He says PLAYGROUND XYZ works with the three core parties in any mobile ad – the user, the agency and the publisher – and declares “we decided to innovate because someone had to do it”.

Hall agrees that a lot of creative agencies simply aren’t keeping up with the the latest mobile tech on offer but adds: “I think tech just changes so fast the these days that that’s more the problem.”

He says: “I don’t blame the creative agencies for being unenthused about what you can do on mobile currently. Their gripe is they’re forced to work with these tiny little rigid boxes but if you give them the right tools, the right canvases they do get excited.

“Mobile (from a creative’s perspective) comes with a lot of limitations, it’s always been this horribly rigid box for them to operate within, but tech’s changing that, we’re offering new ad formats outside the old boxes they’re used to.

“The fact is that mobile’s going through the batshit crazy scale; it’s all about mobile, mobile’s the future and the only question left to ask is why have the ad dollars not followed consumers?

“Sure, the agencies drive the agenda of how ad dollars are spent and across what channels. We’re never going to tell them to shift money from TV to mobile. But I still think there’s a huge dollar disconnect between the amount of time people spend on their mobiles and the ad dollars, it’s still nowhere where it needs to be. If you take a look at the time people look at, say, a bus ad, a magazine ad and a mobile ad, then the dollar figures are way off,” Hall says.

Another problem, Hall argues, is that consumers are reticent about ads taking over their smartphone screens (take our aversion to pop-ups, as an example). He says we’re fine with it on, say, TV, where “we’re so conditioned to have two-minutes of telly for every minute of ads we watch that no one questions it anymore, no one even questions the interruption.
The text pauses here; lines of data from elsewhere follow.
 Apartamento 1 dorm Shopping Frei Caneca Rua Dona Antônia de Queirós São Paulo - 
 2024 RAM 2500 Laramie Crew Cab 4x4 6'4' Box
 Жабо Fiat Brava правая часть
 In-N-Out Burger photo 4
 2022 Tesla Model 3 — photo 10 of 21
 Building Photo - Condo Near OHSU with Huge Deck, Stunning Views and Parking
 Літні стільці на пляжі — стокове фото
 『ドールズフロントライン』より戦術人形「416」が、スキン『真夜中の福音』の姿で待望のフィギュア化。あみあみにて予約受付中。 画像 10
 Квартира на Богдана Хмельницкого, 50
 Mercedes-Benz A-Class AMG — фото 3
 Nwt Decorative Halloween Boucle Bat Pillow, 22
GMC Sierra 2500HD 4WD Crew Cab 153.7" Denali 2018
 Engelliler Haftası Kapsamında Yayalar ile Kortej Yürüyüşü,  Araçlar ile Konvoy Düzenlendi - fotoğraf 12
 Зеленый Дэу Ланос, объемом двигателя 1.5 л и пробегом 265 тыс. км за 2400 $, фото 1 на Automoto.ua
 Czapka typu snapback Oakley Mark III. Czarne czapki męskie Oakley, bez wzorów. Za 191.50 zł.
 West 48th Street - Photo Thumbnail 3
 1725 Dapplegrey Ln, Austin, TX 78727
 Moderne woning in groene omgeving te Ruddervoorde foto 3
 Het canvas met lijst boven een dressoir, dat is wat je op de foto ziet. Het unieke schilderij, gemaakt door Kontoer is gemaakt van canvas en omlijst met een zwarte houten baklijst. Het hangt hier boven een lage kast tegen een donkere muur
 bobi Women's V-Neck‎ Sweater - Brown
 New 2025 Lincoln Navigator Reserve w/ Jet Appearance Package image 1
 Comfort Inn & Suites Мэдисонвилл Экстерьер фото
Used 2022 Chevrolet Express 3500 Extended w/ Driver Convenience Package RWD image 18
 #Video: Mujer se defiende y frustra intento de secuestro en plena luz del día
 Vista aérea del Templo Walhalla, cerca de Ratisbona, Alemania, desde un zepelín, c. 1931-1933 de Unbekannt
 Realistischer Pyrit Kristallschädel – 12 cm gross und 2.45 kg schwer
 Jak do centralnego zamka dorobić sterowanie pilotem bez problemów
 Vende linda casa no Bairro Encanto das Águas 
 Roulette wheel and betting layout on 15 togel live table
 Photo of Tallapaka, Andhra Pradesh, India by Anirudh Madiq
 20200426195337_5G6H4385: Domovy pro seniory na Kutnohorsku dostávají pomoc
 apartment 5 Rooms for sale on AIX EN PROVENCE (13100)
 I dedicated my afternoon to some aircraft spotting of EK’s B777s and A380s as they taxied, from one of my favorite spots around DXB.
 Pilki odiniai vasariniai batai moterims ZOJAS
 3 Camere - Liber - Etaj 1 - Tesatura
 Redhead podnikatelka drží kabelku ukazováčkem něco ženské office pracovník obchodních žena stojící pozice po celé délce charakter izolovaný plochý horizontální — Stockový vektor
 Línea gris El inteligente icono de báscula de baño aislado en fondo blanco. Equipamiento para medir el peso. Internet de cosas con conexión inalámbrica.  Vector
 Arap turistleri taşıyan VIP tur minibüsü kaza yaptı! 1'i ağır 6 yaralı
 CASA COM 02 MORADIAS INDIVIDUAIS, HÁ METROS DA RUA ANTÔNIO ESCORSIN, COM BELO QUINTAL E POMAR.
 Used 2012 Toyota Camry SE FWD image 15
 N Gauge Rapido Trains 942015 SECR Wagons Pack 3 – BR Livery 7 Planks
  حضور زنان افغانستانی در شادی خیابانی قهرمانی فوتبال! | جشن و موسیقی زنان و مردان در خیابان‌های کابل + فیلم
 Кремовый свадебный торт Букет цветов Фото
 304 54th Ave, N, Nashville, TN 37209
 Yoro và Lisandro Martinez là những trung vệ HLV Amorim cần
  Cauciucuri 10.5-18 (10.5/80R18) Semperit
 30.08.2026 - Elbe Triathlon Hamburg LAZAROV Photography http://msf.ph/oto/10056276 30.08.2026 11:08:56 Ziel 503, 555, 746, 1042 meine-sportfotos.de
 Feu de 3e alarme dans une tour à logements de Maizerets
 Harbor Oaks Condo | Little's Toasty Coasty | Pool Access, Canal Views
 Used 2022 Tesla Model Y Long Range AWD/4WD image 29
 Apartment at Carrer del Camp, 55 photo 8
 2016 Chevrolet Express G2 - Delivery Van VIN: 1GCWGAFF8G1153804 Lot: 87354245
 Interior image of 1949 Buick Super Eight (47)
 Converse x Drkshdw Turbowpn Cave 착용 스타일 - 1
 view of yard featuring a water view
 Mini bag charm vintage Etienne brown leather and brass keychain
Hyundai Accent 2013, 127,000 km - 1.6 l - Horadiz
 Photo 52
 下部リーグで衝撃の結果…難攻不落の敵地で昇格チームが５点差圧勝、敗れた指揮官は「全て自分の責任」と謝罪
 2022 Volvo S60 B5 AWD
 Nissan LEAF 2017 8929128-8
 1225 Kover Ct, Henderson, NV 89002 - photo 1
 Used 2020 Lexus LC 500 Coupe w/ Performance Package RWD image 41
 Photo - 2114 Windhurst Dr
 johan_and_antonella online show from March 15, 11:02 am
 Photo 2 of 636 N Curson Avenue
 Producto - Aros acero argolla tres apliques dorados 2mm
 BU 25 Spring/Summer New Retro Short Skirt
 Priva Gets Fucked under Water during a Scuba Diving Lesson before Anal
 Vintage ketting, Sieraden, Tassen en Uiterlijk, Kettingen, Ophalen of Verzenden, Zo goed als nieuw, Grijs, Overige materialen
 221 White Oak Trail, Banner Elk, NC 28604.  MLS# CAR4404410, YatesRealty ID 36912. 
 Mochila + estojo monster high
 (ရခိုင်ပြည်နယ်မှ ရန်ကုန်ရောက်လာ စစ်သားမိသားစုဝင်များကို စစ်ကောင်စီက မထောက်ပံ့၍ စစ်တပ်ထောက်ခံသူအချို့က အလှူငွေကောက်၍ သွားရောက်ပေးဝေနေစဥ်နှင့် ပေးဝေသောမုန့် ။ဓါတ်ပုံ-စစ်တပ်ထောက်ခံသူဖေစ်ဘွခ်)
But you do that with mobile and everybody’s freaking out.

“TV’s all sight, sound and movement, that’s what it’s got going for it; but the secret to mobile is to build the ads around the way people are using the device and that means shorter, sharper ads, not asking the user to do things that they’re not reasonably going to do,” he says.

Mobile ads can also go the other way and be too clever for their own good. Hall says he recently saw an ad out of the US that turned the user’s voice into Mr T when they spoke into their phones. “Who in the right mind is going to be sitting on the bus doing that?” Hall asks. “The context about how we think about ads on mobile needs to be about how they use their phone: you get in, you get out, you’re very objective. On your desktop you’ve got five different tabs open but on mobile it’s a far more linear experience, it’s not such a concurrent experience.”

Hall agrees that mobile’s rise won’t be to the detriment of every other medium, but, he believes it will be the screen we all go to first.

“Yes, it’s about the actual devices and increasingly we’re blurring the lines of what’s a computer and what’s a phone.

“We’re increasingly seeing the interaction between mobile devices and the Internet Of Things and smart devices.

“As your smartphone becomes your go-to screen the natural evolution will simply be peripheral devices that support your smartphone and that’s the challenge for agencies playing in this space, understanding and keeping up with that,” he says.